Le PDV concerne les titulaires des postes supprimés par le changement de l'organisation du travail. Le plan vaut pour l'ensemble de l'entreprise, mais de manière différenciée : 20 % des effectifs de la présidence et de la direction générale y sont inscrits et seulement 3 % dans les régions, mais le plan ne concerne pas le secteur numérique, qui est en plein développement. Présenté aux instances représentatives du personnel il y a un peu plus d'un mois, ce plan donne lieu à contestations et à débats. Nous souhaitons mener les négociations par un dialogue le plus transparent possible, comme nous l'avons fait pour aboutir aux accords d'entreprise signés par l'ensemble des organisations syndicales.

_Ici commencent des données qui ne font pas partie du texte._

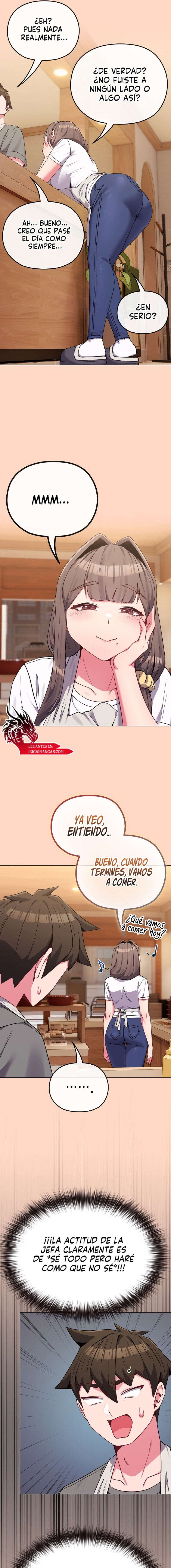 Pero, ¿¡Tienes la misma edad que mi hija?! Capítulo 32 - Page 14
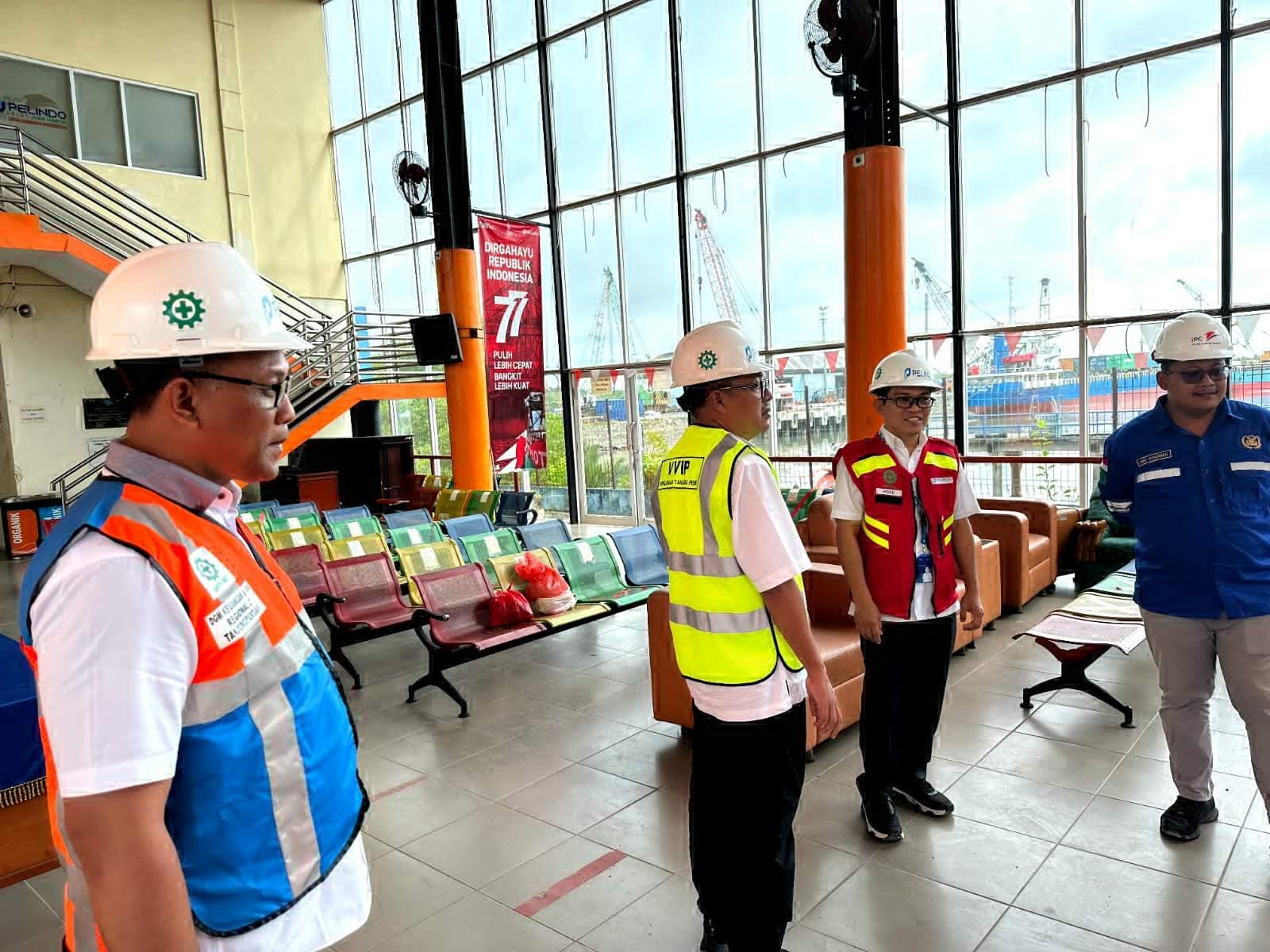 PT Pelindo Siapkan Posko Arus Mudik Lebaran 2023 d…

La diminution de la masse salariale est un élément-clef du maintien de l'équilibre financier du groupe dans le cadre que vous avez analysé lors de l'examen du projet d'avenant au COM.

Sur le plan des programmes, nos audiences, qui s'étaient stabilisées ou avaient augmenté en 2012, baissent en 2013, dans la même proportion que celles de M6. L'audience du groupe TF1, qui avait baissé davantage au cours des deux années précédentes, se stabilise ou remonte légèrement, surtout lors de la diffusion de compétitions sportives importantes. On constate en outre des différences d'audience selon les chaînes de France Télévisions. L'après-midi de France 2 connaît des difficultés ; nous y travaillons. En revanche, les soirées de cette chaîne fonctionnent très bien grâce au renouvellement de la fiction par des séries contemporaines, dont la série policière du vendredi soir qui met en scène l'évolution de la société. Nos réalisations ont été saluées à La Rochelle, où France Télévisions a reçu dix des treize prix récompensant les fictions. Nous avons aussi entièrement renouvelé notre offre musicale en la modernisant tout en faisant des économies : les émissions nouvelles, moins chères, et notamment Alcaline, rencontrent un vrai succès d'audience et d'estime.

Enfin, France 3, sur le plan national, se développe bien et son audience progresse. L'offre régionale, d'information en particulier, rencontre aussi un fort succès.

Je m'en tiendrai là pour laisser le temps nécessaire au débat.